When Apple Pay was announced at a highly choreographed launch event in September, analysts declared that the mobile payment system had a shot at doing what other digital wallets have so far failed to do: Dethrone plastic credit and debit cards as shoppers' default way of making a purchase.

But now, less than a week after the system's launch, Rite Aid and CVS have disabled their Apple Pay technology, a sign that the tech titan's quest to make its digital wallet ubiquitous may be more difficult than many thought.

The drugstore chains have not said why they have shut down this technology. CVS simply "cannot accept Apple Pay" or other mobile payment options that rely on similar technology, the company said. Both companies said they are evaluating various mobile payment technologies.

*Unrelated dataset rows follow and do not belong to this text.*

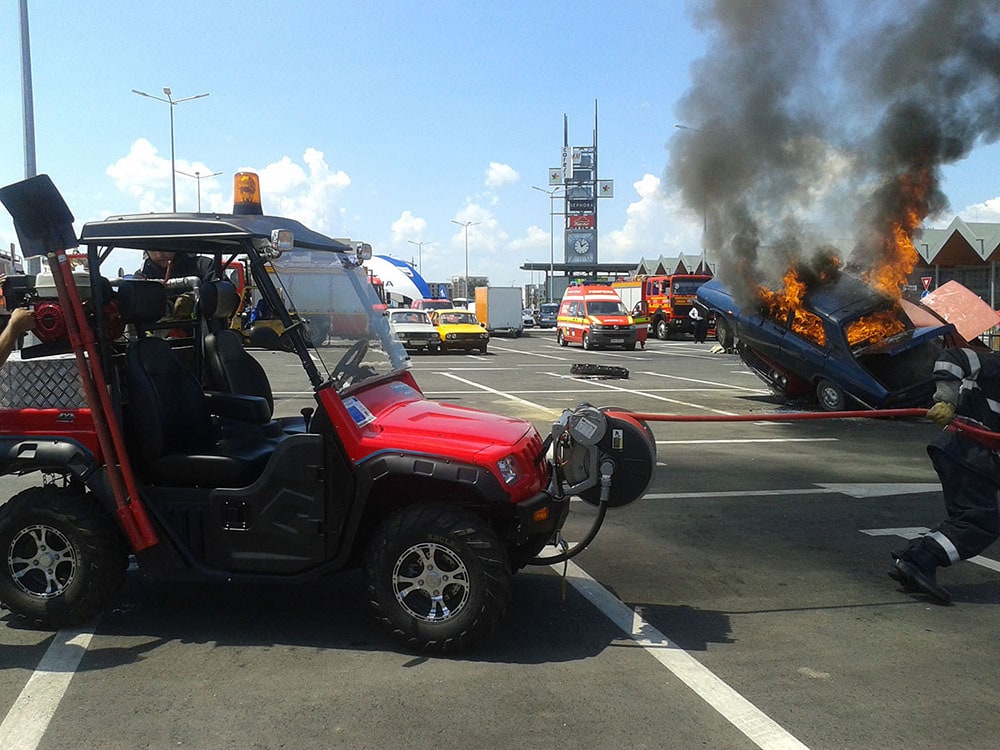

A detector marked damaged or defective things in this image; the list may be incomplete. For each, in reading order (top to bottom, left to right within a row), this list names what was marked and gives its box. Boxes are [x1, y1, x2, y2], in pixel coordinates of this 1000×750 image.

overturned vehicle [0, 175, 656, 652]
overturned vehicle [696, 274, 952, 412]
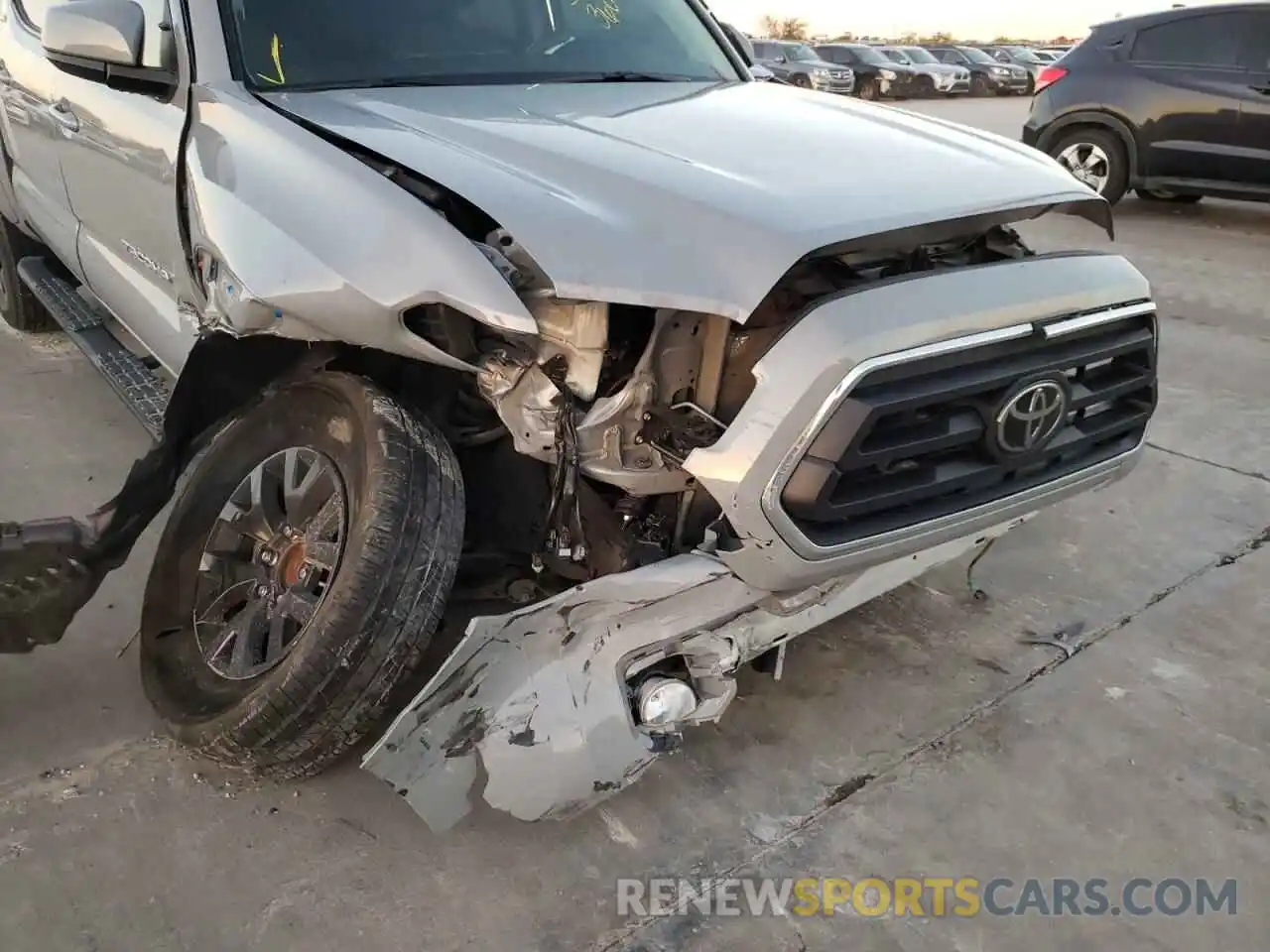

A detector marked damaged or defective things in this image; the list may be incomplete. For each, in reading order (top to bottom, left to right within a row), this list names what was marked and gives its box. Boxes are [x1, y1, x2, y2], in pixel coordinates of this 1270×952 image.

damaged hood [266, 82, 1103, 319]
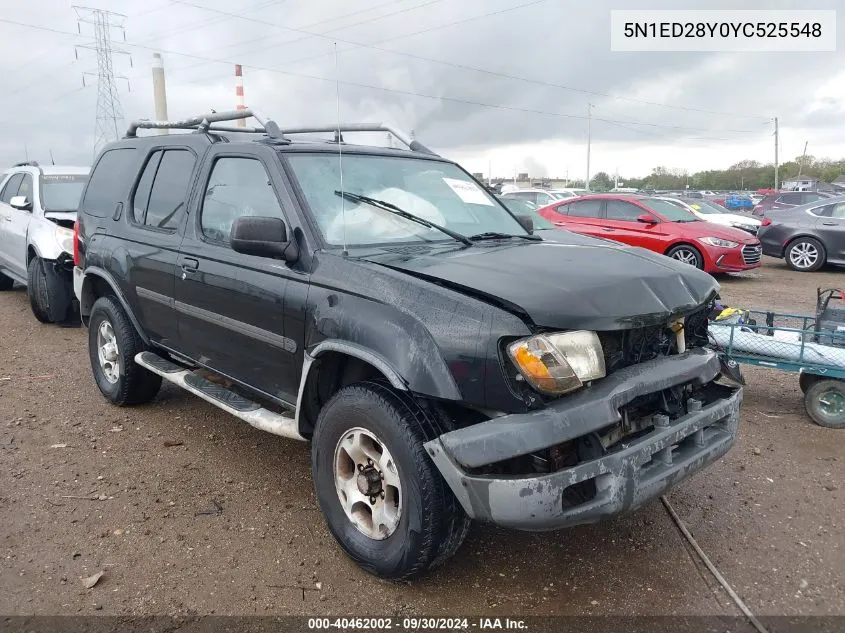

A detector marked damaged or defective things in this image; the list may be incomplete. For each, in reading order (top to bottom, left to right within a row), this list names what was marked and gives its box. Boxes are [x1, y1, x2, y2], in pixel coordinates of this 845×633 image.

damaged headlight housing [54, 226, 74, 256]
damaged headlight housing [508, 330, 608, 396]
damaged front end [426, 314, 740, 532]
crumpled front bumper [426, 348, 740, 532]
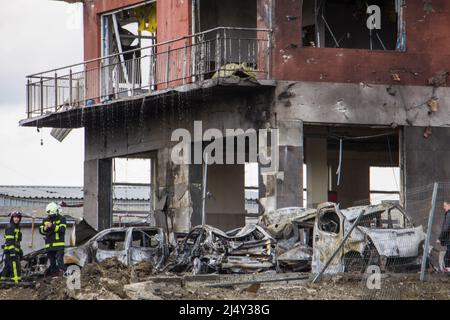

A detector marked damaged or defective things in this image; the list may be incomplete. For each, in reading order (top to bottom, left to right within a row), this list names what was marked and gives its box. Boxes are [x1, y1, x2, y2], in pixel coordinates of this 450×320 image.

broken window opening [302, 0, 404, 50]
shattered window [302, 0, 404, 50]
damaged multi-story building [20, 0, 450, 235]
charred concrete facade [22, 1, 450, 234]
wrecked car body [22, 226, 168, 276]
burned-out car [22, 225, 168, 278]
shattered window [96, 231, 126, 251]
wrecked car body [165, 224, 274, 274]
burned-out car [165, 224, 276, 274]
burned-out car [312, 202, 426, 272]
wrecked car body [312, 204, 426, 274]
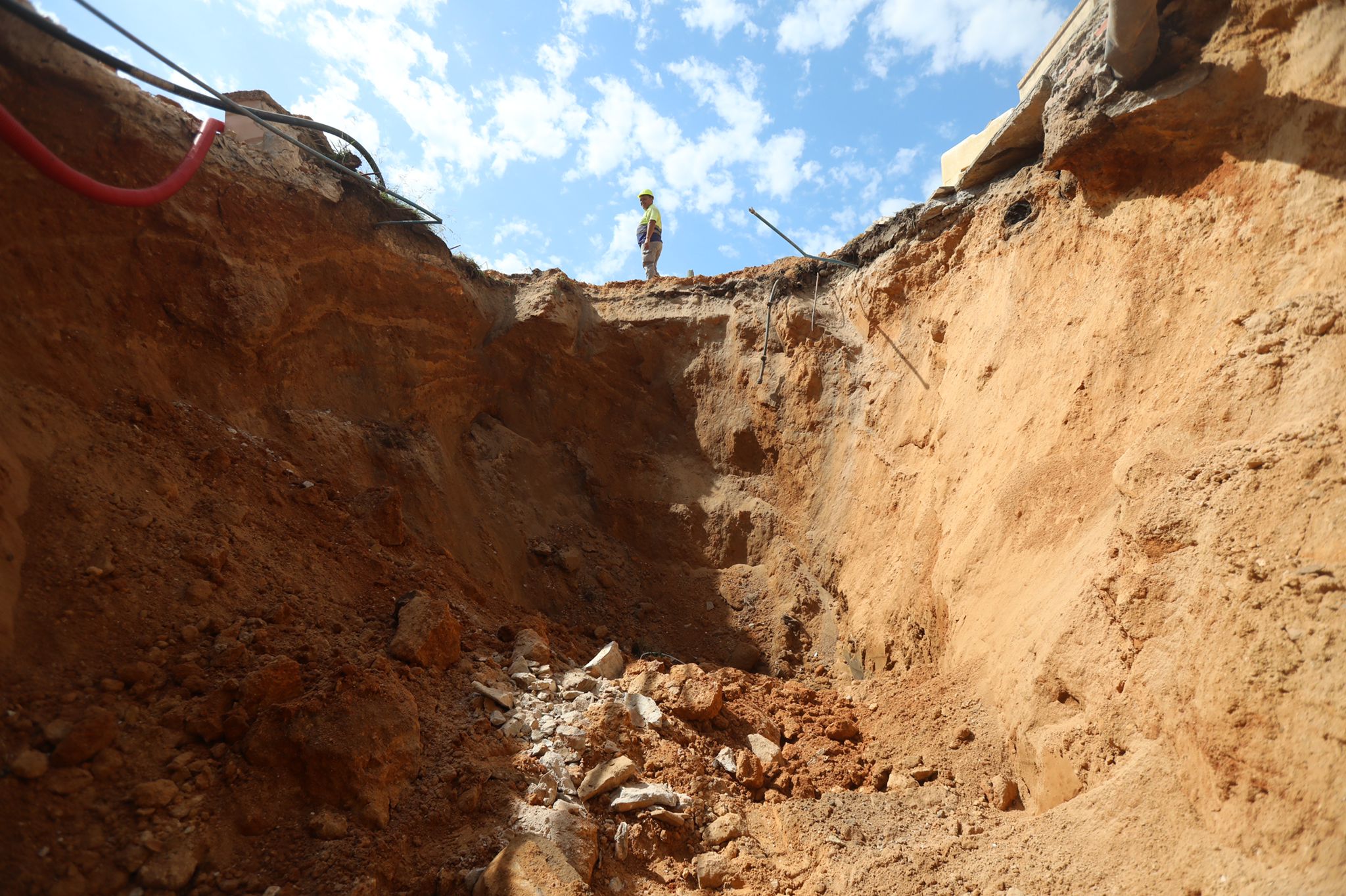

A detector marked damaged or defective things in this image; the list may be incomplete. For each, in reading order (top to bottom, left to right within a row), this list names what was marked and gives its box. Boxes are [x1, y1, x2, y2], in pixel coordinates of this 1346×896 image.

bent rebar rod [748, 207, 861, 269]
bent rebar rod [759, 275, 780, 379]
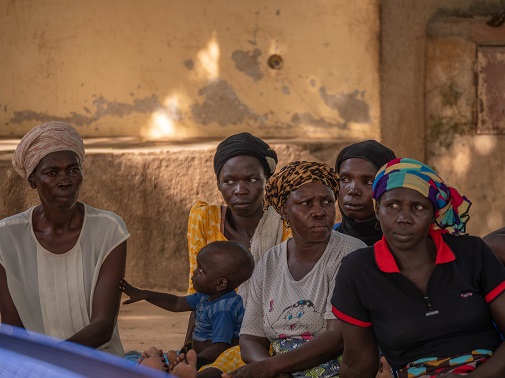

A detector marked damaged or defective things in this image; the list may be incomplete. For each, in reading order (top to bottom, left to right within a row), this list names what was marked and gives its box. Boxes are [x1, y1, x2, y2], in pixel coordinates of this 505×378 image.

peeling paint [231, 48, 264, 81]
peeling paint [9, 95, 161, 126]
peeling paint [190, 79, 268, 126]
peeling paint [292, 112, 346, 130]
peeling paint [318, 88, 370, 123]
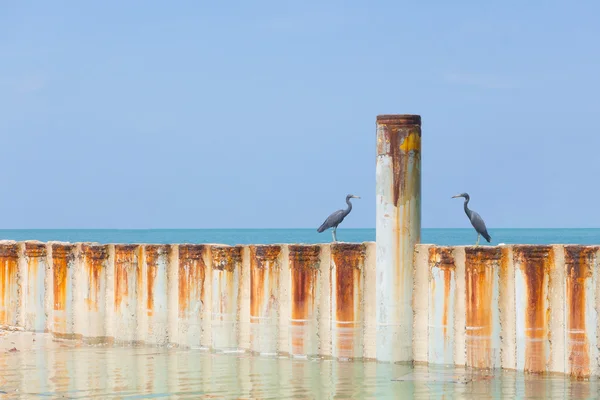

Analysts say the moves are likely a pre-emptive strike against Apple Pay by the two chain stores, which are part of a coalition of retailers building their own mobile payment offering. The group includes stores such as Wal-Mart, Best Buy, Lowe's, and Dunkin' Donuts. Its offering, dubbed CurrentC, is slated to roll out in 2015 at 110,000 locations.

CurrentC would have some advantages over Apple Pay for retailers. It will draw money directly from a consumer's bank account instead of charging a credit card like Apple Pay does. This would allow retailers to avoid paying credit card companies what are known as swipe fees every time a customer pays with a credit card. CurrentC would also give retailers access to more data about shoppers.